ROBERTSON, LEONARD

Name: Leonard Robertson
Rank/Branch: O3/US Marines
Unit: VMA 533, MAG15
Date of Birth: 12 January 1945
Home City of Record: Northport NY
Date of Loss: 07 July 1972
Country of Loss: South Vietnam
Loss Coordinates: 163700N 1064750E (XD837384)
Status (in 1973): Missing in Action
Category: 1
Aircraft/Vehicle/Ground: A6A
Refno: 1894
Other Personnel in Incident: Alan J. Kroboth (returned POW)

Source: Compiled by Homecoming II Project with the assistance of one or more
of the following: raw data from U.S. Government agency sources, correspondence
with POW/MIA families, published sources, interviews: 15 March 1990. Updated
by the P.O.W. NETWORK 1998.

REMARKS: VC TOLD KROBOTH ROBERTSON DEAD

SYNOPSIS: The Grumman A6 Intruder is a two-man all weather, low-altitude,
carrier-based attack plane, with versions adapted as aerial tanker and
electronic warfare platform.

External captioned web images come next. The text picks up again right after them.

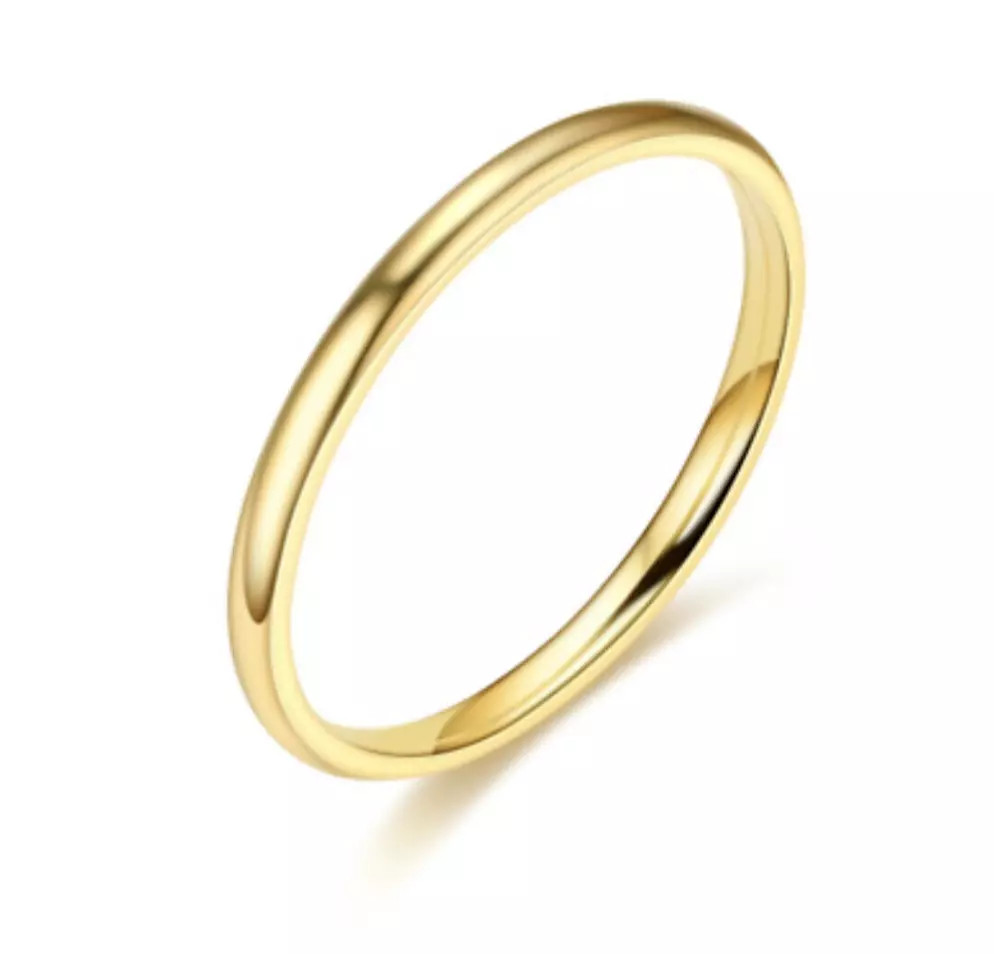 2mm Gold Plated Stainless Steel Stackable Ring Wedding Band Women Girl size 5-9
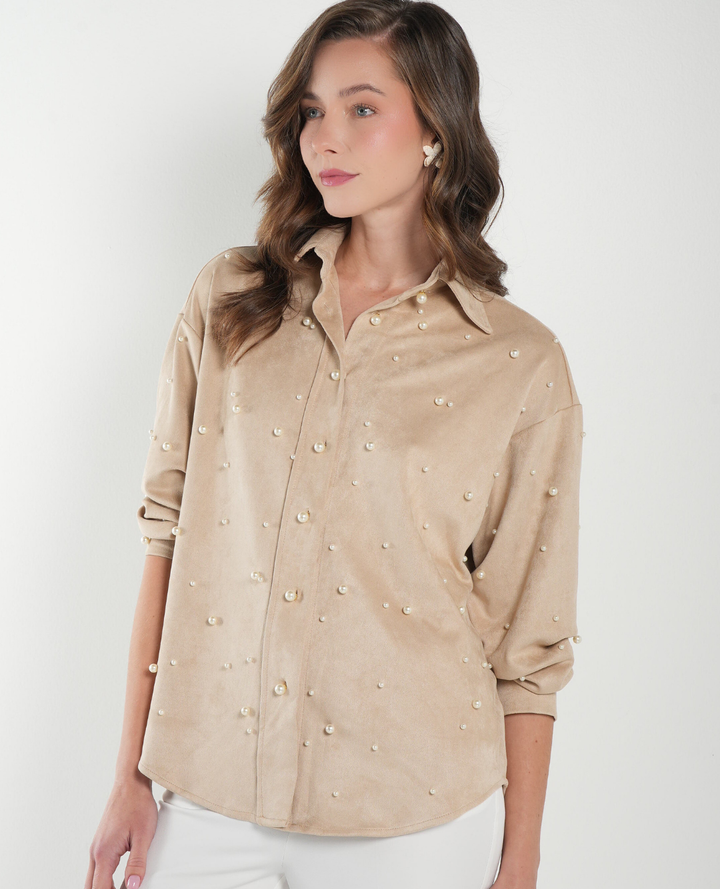 Camisa Gamuza Perlas Marfil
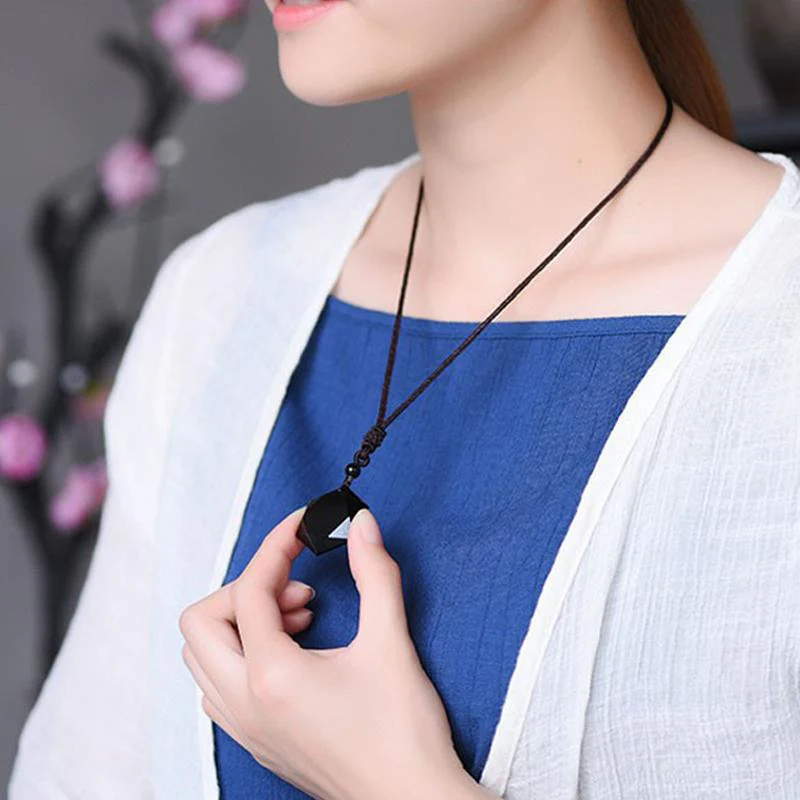 Black Obsidian Talisman Peace Protection Necklace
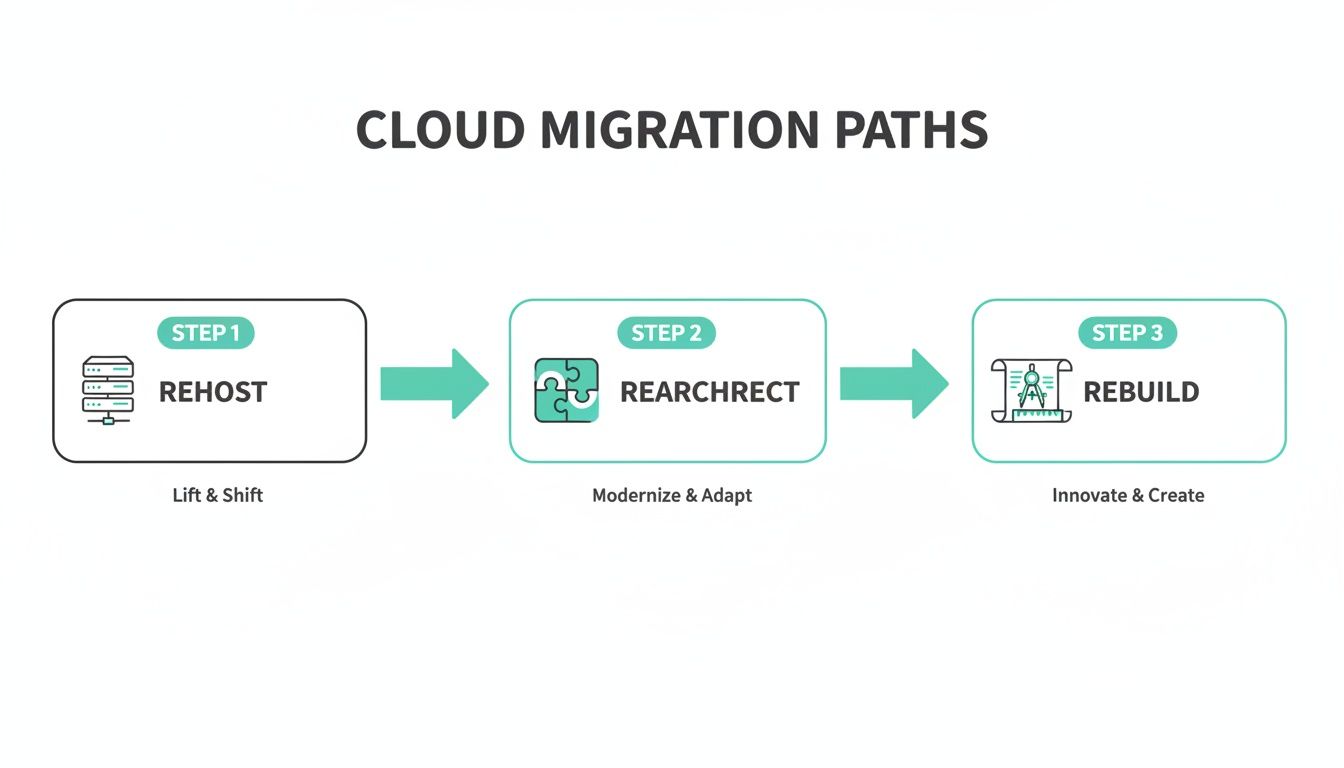 Diagram shows cloud migration steps: Rehost (Lift & Shift), Rearchitect (Modernize & Adapt), and Rebuild (Innovate & Create).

The A6A primarily flew close-air-support,
all-weather and night attacks on enemy troop concentrations, and night
interdiction missions. Its advanced navigation and attack system, known as
DIANE (Digital Integrated Attack navigation Equipment) allowed small
precision targets, such as bridges, barracks and fuel depots to be located
and attacked in all weather conditions, day or night. The planes were
credited with some of the most difficult single-plane strikes in the war,
including the destruction of the Hai Duong bridge between Hanoi and Haiphong
by a single A6. Their missions were tough, but their crews among the most
talented and most courageous to serve the United States in aerial combat.

Capt. Leonard Robertson was the pilot of an A6A Intruder from VMA 533,
Marine Air Group 15. On July 7, 1972, Robertson and his co-pilot, 1Lt. Alan
J. Kroboth, were assigned a mission which took them near the DMZ. When the
aircraft was near the city of Khe Sanh, it was hit by enemy ground fire and
crashed. No one was thought to have survived.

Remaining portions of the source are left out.